I can't recommend references in the area--all my learning was on the job--but from what I saw, inventory control was headed in the direction of SKUs being arbitrary and computer generated in line with various barcode schemes and wireless labels. Human control via serial number is decreasing in favour of automated warehouses. The more you can decouple the product's SKU from it's human readable labelling, the more in line you'll be with industry best practice.
posted by fatbird at 1:09 PM on January 10, 2009 [1 favorite]


Another problem with meaningful SKUs: In an hierarchical categorization scheme, the leaves always end being unique to the branch they're on. At my old workplace, the last digit meant the number of drawers if you were talking about a chest of drawers, or the volume in quarts for planters, or whether or not it had wheels if it was a stackable container. In other words, the categorization scheme quickly becomes too complex to be meaningfully encoded in the SKU, so over time, people can't "read" a SKU anyway. A more explicit, flexible model numbering scheme is preferable.
posted by fatbird at 1:16 PM on January 10, 2009


Definitely echoing fatbird. A former employer had very elaborate SKUs, and sometimes it was very useful to be able to say "oh yeah, a XUB554 is just like an XUB553, except it has more capability." On the other hand, then you get to XUB559 and suddenly you have a problem, so now you have XUB990 because that was the next available space, even though the XUB900s are almost totally unrelated. Offhand, I'd say the system (a couple of decades old) worked for 90% of the entries, which comprised 70% of the actual production - since newer stuff, which was more likely to have one of those exceptions, comprised a greater share of what we actually worked with.

If you try to do smart SKUs, it'll seem really cool at first, and then at some point something will break, probably pretty dramatically, and it'll all start to fall apart.
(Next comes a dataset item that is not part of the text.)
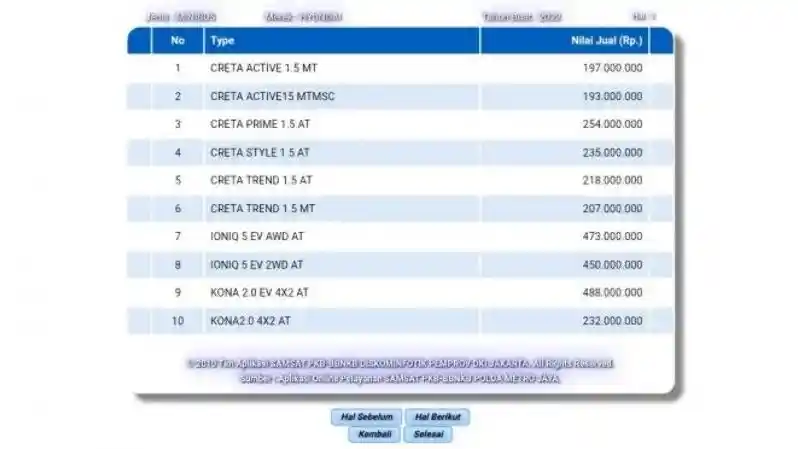 Foto - Hyundai Siap Jual Ioniq 5 Made In Indonesia, Berikut Bocoran Harganya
Before long, you'll have to explain to a new employee that R means Red, but B means Blue only some of the time, because sometimes it gets used to refer to Baked, and if you understand the rest of the SKU it's obvious which B you'd use, and G is always Green but light green is X because L is taken by Lemon and there's only one character for color....
posted by Tomorrowful at 1:27 PM on January 10, 2009


Fatbird is 100% right. In our previous ERP we used "smart" numbers, that only made sense to the initiated (I was one of them), but we ran into all kind of trouble because we kept growing and growing, and that was when we only had around 11.000 SKU's. Somewhere in the future you will run into trouble with these "smart" numbers. We got to the point that there was only one person in the company who was able to make new products, because of all the do's and don'ts of our number system. Very inconvenient.
Currently, we have a simple 6-digit product code and in the material master we have a couple of extra fields with product properties like product group, size, color, season and target market, which we can easily query and re-use. It makes material management much easier.
posted by IAr at 1:31 PM on January 10, 2009


Speaking more generally, proper inventory control tracks quite closely with proper database design, so reasoning from the latter to the former is a good idea for both technical and business reasons.
posted by fatbird at 2:26 PM on January 10, 2009


Response by poster: Thanks, that makes sense. Assigning SKUs arbitrarily sounds better in light of the evidence that "smart" numbers break down. That does move the task squarely out of the realm of human decisions and into the realm of software, so I suppose I really need to find appropriate software for single-warehouse inventory management.
posted by wam at 3:20 PM on January 10, 2009


That does move the task squarely out of the realm of human decisions and into the realm of software

That's actually the big advantage. Remove the decision altogether and you won't have to hire a potentially expensive decision-maker.